The new framework reduces the tax code and provides tax relief by roughly doubling the standard deduction to:
-$24,000 for married taxpayers filing jointly, and
-$12,000 for single filers.
These changes effectively create a larger “zero tax bracket” by eliminating taxes on the first $24,000 of income earned by a married couple and $12,000 earned by a single individual.
Under current law, taxable income is subject to seven tax brackets. The framework aims to consolidate the current seven tax brackets into three brackets of 12%, 25% and 35%.
To provide further tax relief for middle-income families, the framework repeals the personal exemptions for dependents and significantly increases the Child Tax Credit. The first $1,000 of the credit will be refundable as under current law.
The framework also provides a non-refundable credit of $500 for non-child dependents to help defray the cost of caring for other dependents.

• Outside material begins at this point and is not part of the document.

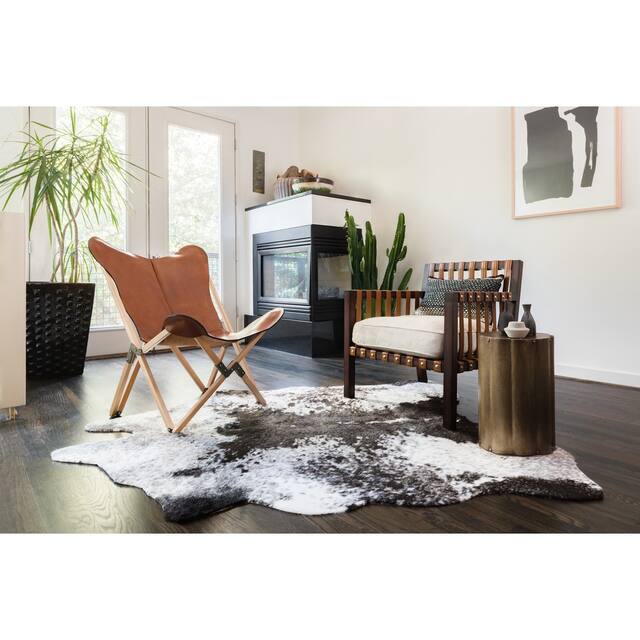 Alexander Home Charcoal Faux Cowhide Area Rug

The nonpartisan Joint Committee on Taxation (JCT) and the Internal Revenue Service Taxpayer Advocate have both recommended repealing the AMT because it no longer serves its intended purpose. This framework repeals the existing individual AMT.
The framework eliminates most itemized deductions, but retains tax incentives for home mortgage interest and charitable contributions. The framework limits the maximum tax rate applied to business income of small and family owned businesses conducted as sole proprietorship, partnerships and S corporations to 25%.
The framework reduces the corporate tax rate to 20%, which is below the 22.5% average of the industrialized world. In addition, it aims to eliminate the corporate AMT, as recommended by the nonpartisan JCT. The framework allows businesses to immediately write off, or “expense” the cost of new investments in depreciable assets other than structures made after September 27, 2017, for at least five years.